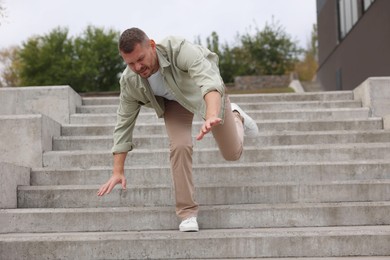 Photo of Man falling on stairs outdoors. Dangerous accident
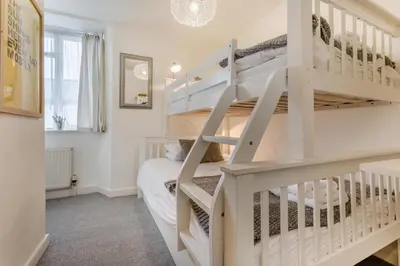 a bedroom with a bunk bed and a staircase in a room at 2 Bed in Padstow oc-p00572 in Padstow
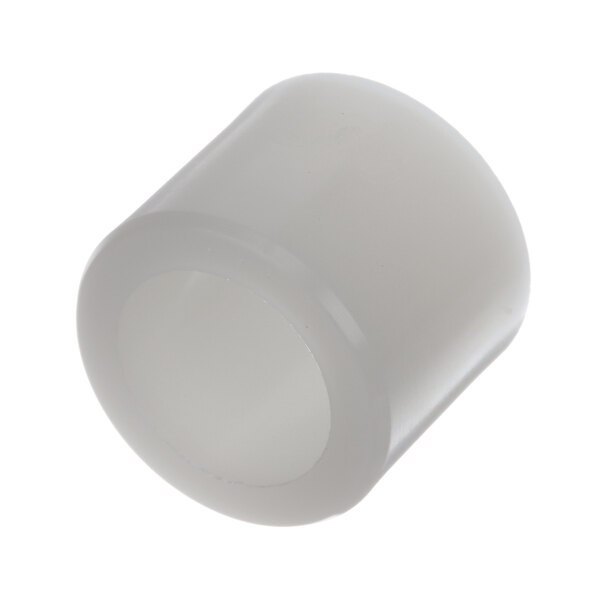 A white plastic cylinder with a hole.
________________________
- **What to do**: Could you transcribe all of the data exactly and omit the pictures?

- **The completed task**:
 Photo of Man falling on stairs outdoors. Dangerous accident
 a bedroom with a bunk bed and a staircase in a room at 2 Bed in Padstow oc-p00572 in Padstow
 A white plastic cylinder with a hole.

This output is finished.